Wie weit dürfen Grundrechte eingeschränkt werden um Sicherheit im öffentlichen Raum zu schaffen – und wie sinnvoll ist Videoüberwachung? Die von der Osnabrücker Stadtverwaltung und den Ratsfraktionen angestrebte Videoüberwachung von Neumarkt und Johannisstraße stößt beim Chaostreff Osnabrück e.V. auf Kritik.
Der Verein, der sich selbst als „eine lockere Gruppe von Leuten mit Interesse in den Bereichen Sicherheit, Kryptografie, alternative Betriebssysteme, freie (libre) Software, Netzpolitik und vielen weiteren Themen“ definiert, hat einen offenen Brief veröffentlicht, um Kritik an den geplanten Maßnahmen in die Debatte einzubringen.
Schlechte Beleuchtung, mangelnde Sauberkeit und Angsträume rund um den Neumarkt
Der offene Brief ist adressiert an Oberbürgermeisterin Katharina Pötter; darin erkennt der Verein die Notwendigkeit an, bestimmte „Angsträume“ in der Stadt anzugehen, in denen sich Bürgerinnen und Bürger unsicher fühlen, besonders nachts. Solche Orte seien oft durch schlechte Beleuchtung gekennzeichnet. Der Chaostreff Osnabrück begrüßt mehrere Vorschläge der Stadtverwaltung, darunter die Erhöhung der Anzahl an Streetworkern, Verbesserungen in der Sauberkeit, die Einführung eines Nachttaxis [Anmerkung der Redaktion: das Angebot des Nachttaxis soll ausschließlich Frauen zur Verfügung stehen] und eben die verbesserte Beleuchtung.

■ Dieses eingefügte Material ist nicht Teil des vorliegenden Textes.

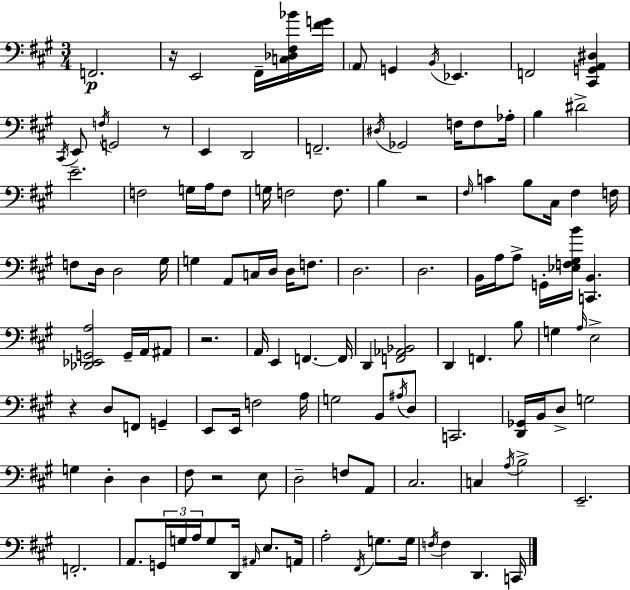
{
  \clef bass
  \numericTimeSignature
  \time 3/4
  \key a \major
  f,2.\p | r16 e,2 fis,16-- <c des fis bes'>16 <fis' g'>16 | \parenthesize a,8 g,4 \acciaccatura { b,16 } ees,4. | f,2 <cis, g, a, dis>4 | \break \acciaccatura { cis,16 } e,8 \acciaccatura { f16 } g,2 | r8 e,4 d,2 | f,2.-- | \acciaccatura { dis16 } ges,2 | \break f16 f8 aes16-. b4 dis'2-> | e'2.-- | f2 | g16 a16 f8 g16 f2 | \break f8. b4 r2 | \grace { fis16 } c'4 b8 cis16 | fis4 f16 f8 d16 d2 | gis16 g4 a,8 c16 | \break d16 d16 f8. d2. | d2. | b,16 a16 a8-> g,16-. <ees f gis b'>16 <c, b,>4. | <des, ees, g, a>2 | \break g,16-- a,16 ais,8 r2. | a,16 e,4 f,4.~~ | f,16 d,4 <f, aes, bes,>2 | d,4 f,4. | \break b8 g4 \grace { a16 } e2-> | r4 d8 | f,8 g,4-- e,8 e,16 f2 | a16 g2 | \break b,8 \acciaccatura { ais16 } d8 c,2. | <d, ges,>16 b,16 d8-> g2 | g4 d4-. | d4 fis8 r2 | \break e8 d2-- | f8 a,8 cis2. | c4 \acciaccatura { a16 } | b2-> e,2.-- | \break f,2.-. | a,8. \tuplet 3/2 { g,16 | g16 a16 } g8 d,16 \grace { ais,16 } e8. a,16 a2-. | \acciaccatura { fis,16 } g8. g16 \acciaccatura { f16 } | \break f4 d,4. c,16 \bar "|."
}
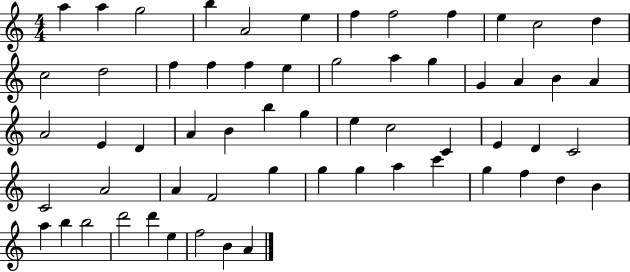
A5/q A5/q G5/h B5/q A4/h E5/q F5/q F5/h F5/q E5/q C5/h D5/q C5/h D5/h F5/q F5/q F5/q E5/q G5/h A5/q G5/q G4/q A4/q B4/q A4/q A4/h E4/q D4/q A4/q B4/q B5/q G5/q E5/q C5/h C4/q E4/q D4/q C4/h C4/h A4/h A4/q F4/h G5/q G5/q G5/q A5/q C6/q G5/q F5/q D5/q B4/q A5/q B5/q B5/h D6/h D6/q E5/q F5/h B4/q A4/q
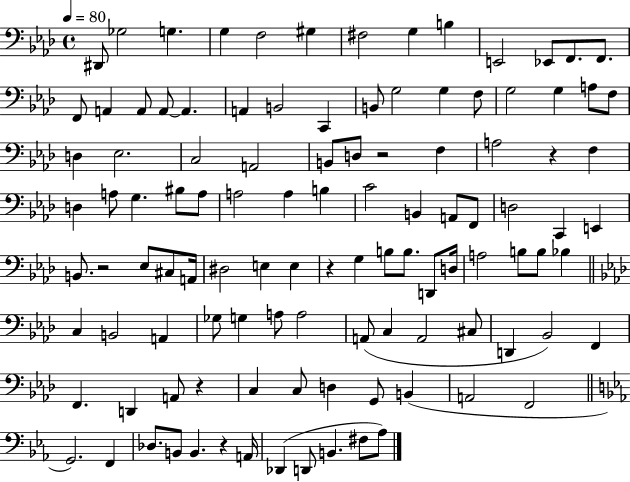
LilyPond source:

{
  \clef bass
  \time 4/4
  \defaultTimeSignature
  \key aes \major
  \tempo 4 = 80
  dis,8 ges2 g4. | g4 f2 gis4 | fis2 g4 b4 | e,2 ees,8 f,8. f,8. | \break f,8 a,4 a,8 a,8~~ a,4. | a,4 b,2 c,4 | b,8 g2 g4 f8 | g2 g4 a8 f8 | \break d4 ees2. | c2 a,2 | b,8 d8 r2 f4 | a2 r4 f4 | \break d4 a8 g4. bis8 a8 | a2 a4 b4 | c'2 b,4 a,8 f,8 | d2 c,4 e,4 | \break b,8. r2 ees8 cis8 a,16 | dis2 e4 e4 | r4 g4 b8 b8. d,8 d16 | a2 b8 b8 bes4 | \break \bar "||" \break \key aes \major c4 b,2 a,4 | ges8 g4 a8 a2 | a,8( c4 a,2 cis8 | d,4 bes,2) f,4 | \break f,4. d,4 a,8 r4 | c4 c8 d4 g,8 b,4( | a,2 f,2 | \bar "||" \break \key c \minor g,2.) f,4 | des8. b,8 b,4. r4 a,16 | des,4( d,8 b,4. fis8 aes8) | \bar "|."
}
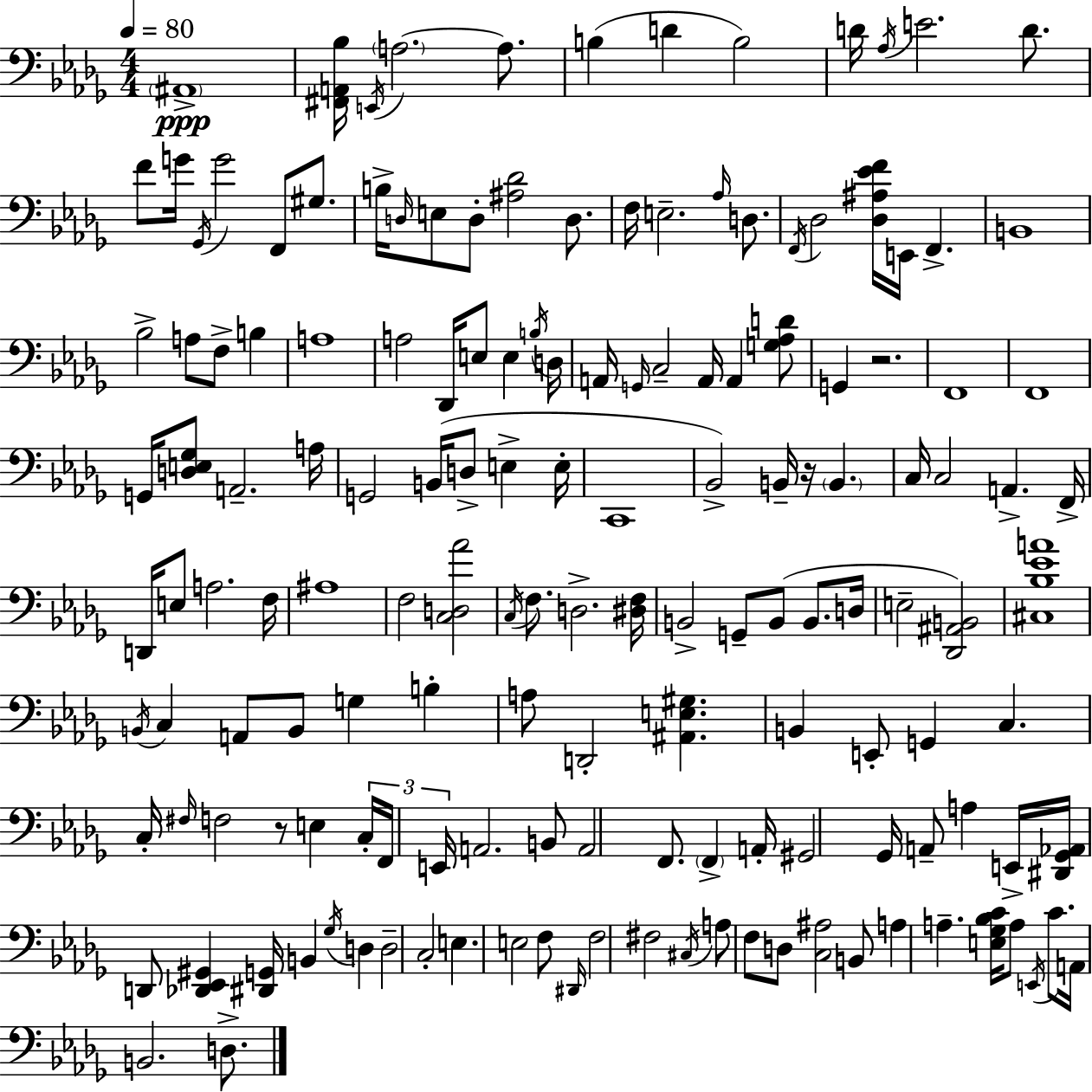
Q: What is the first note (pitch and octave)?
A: A#2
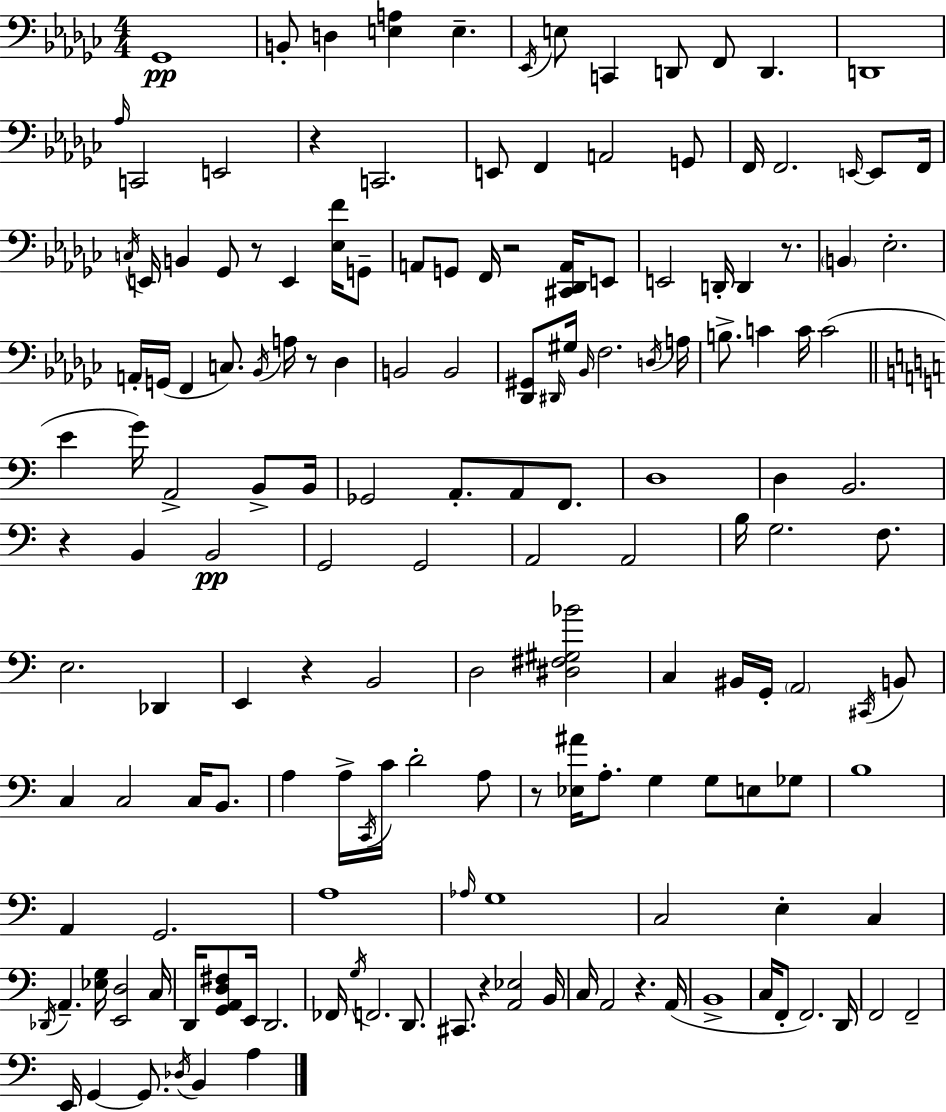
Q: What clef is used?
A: bass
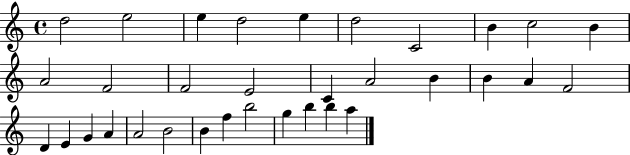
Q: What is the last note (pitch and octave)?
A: A5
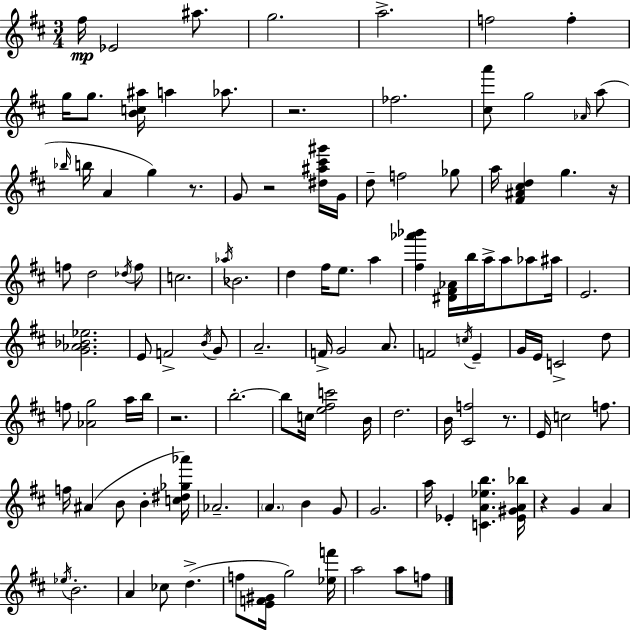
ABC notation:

X:1
T:Untitled
M:3/4
L:1/4
K:D
^f/4 _E2 ^a/2 g2 a2 f2 f g/4 g/2 [Bc^a]/4 a _a/2 z2 _f2 [^ca']/2 g2 _A/4 a/2 _b/4 b/4 A g z/2 G/2 z2 [^d^a^c'^g']/4 G/4 d/2 f2 _g/2 a/4 [^F^A^cd] g z/4 f/2 d2 _d/4 f/2 c2 _a/4 _B2 d ^f/4 e/2 a [^f_a'_b'] [^D^F_A]/4 b/4 a/4 a/2 _a/2 ^a/4 E2 [G_A_B_e]2 E/2 F2 B/4 G/2 A2 F/4 G2 A/2 F2 c/4 E G/4 E/4 C2 d/2 f/2 [_Ag]2 a/4 b/4 z2 b2 b/2 c/4 [e^fc']2 B/4 d2 B/4 [^Cf]2 z/2 E/4 c2 f/2 f/4 ^A B/2 B [c^d_g_a']/4 _A2 A B G/2 G2 a/4 _E [CA_eb] [_E^GA_b]/4 z G A _e/4 B2 A _c/2 d f/2 [EF^G]/4 g2 [_ef']/4 a2 a/2 f/2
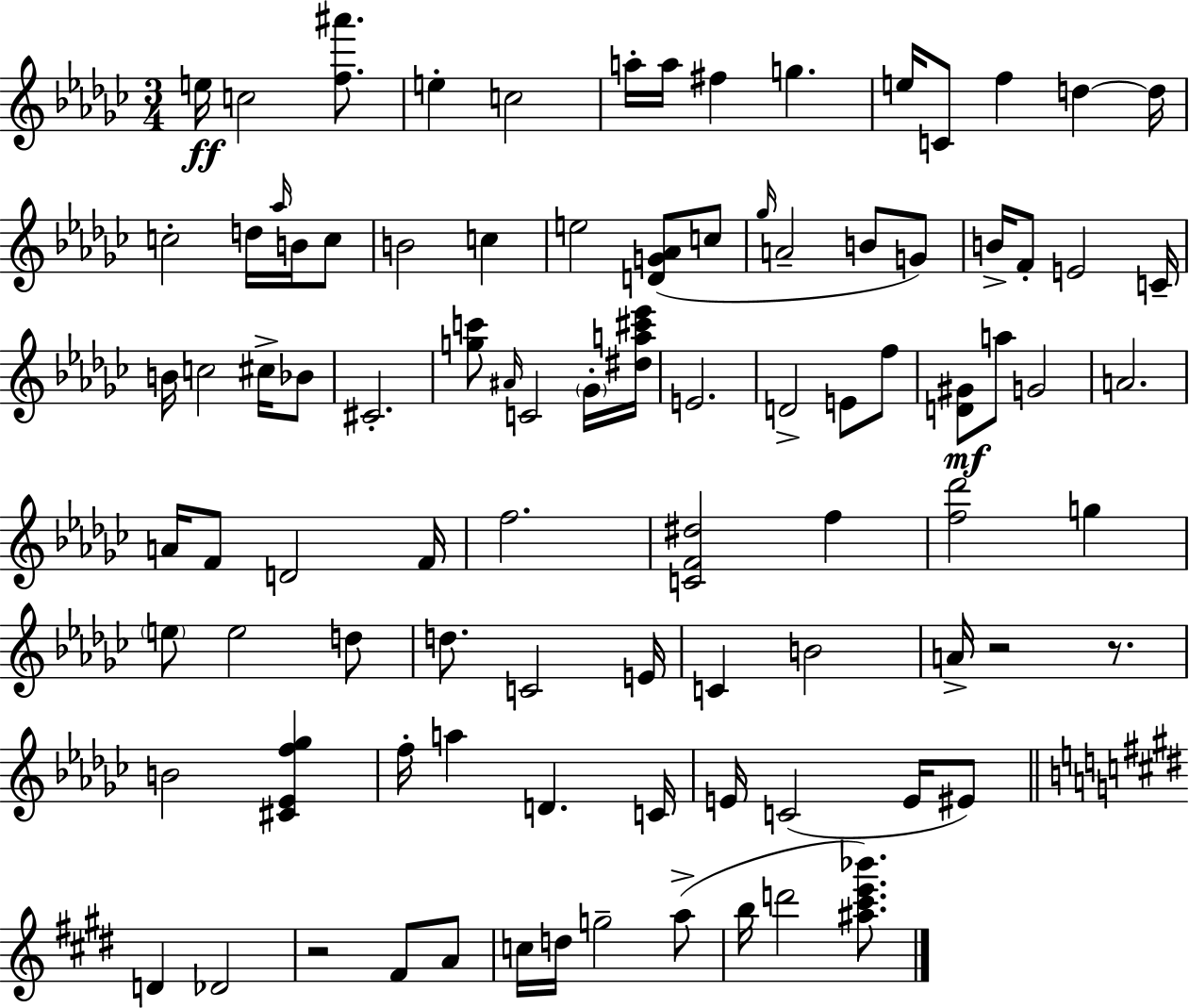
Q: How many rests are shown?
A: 3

Verlagert Videoüberwachung das Problem nur in die Seitenstraßen?
Eine geplante Maßnahme jedoch stößt auf entschiedenen Widerstand des Vereins: die angestrebte Videoüberwachung. Die Kritik des Chaostreffs basiert auf der Annahme, dass Videoüberwachung nur wenig zur Prävention beiträgt, da sie potenzielle Probleme lediglich in nicht überwachte Bereiche verschiebt, ohne die Ursachen von Kriminalität zu adressieren. Zudem wird angeführt, dass solche Überwachungsmaßnahmen einen tiefen Eingriff in die Privatsphäre darstellen und im Grunde alle Menschen im öffentlichen Raum unter „Generalverdacht“ stellen würden. Der Verein zitiert Studien, die zeigen, dass der Effekt von Videoüberwachung auf die Straßenkriminalitätsrate oft marginal ist und somit die weitreichenden Eingriffe in die Privatsphäre nicht rechtfertigt.
Soziale Angebote statt Videoüberwachung
Stattdessen fordert der Chaostreff Osnabrück, dass die Videoüberwachung aus den Planungen gestrichen und vorrangig andere Maßnahmen umgesetzt werden. Nach diesen Maßnahmen sollte eine Evaluierung stattfinden, um festzustellen, ob die gewünschten Effekte erzielt wurden. Besonders betont wird die Bedeutung sozialer Angebote, wie eine Verstärkung im Bereich Streetwork und Jugendarbeit. Eine spezifische Idee des Vereins ist die Errichtung eines Jugendtreffpunkts im Quartier Johannisstraße, um jungen Menschen Alternativen zu Einkauf und Gastronomie zu bieten.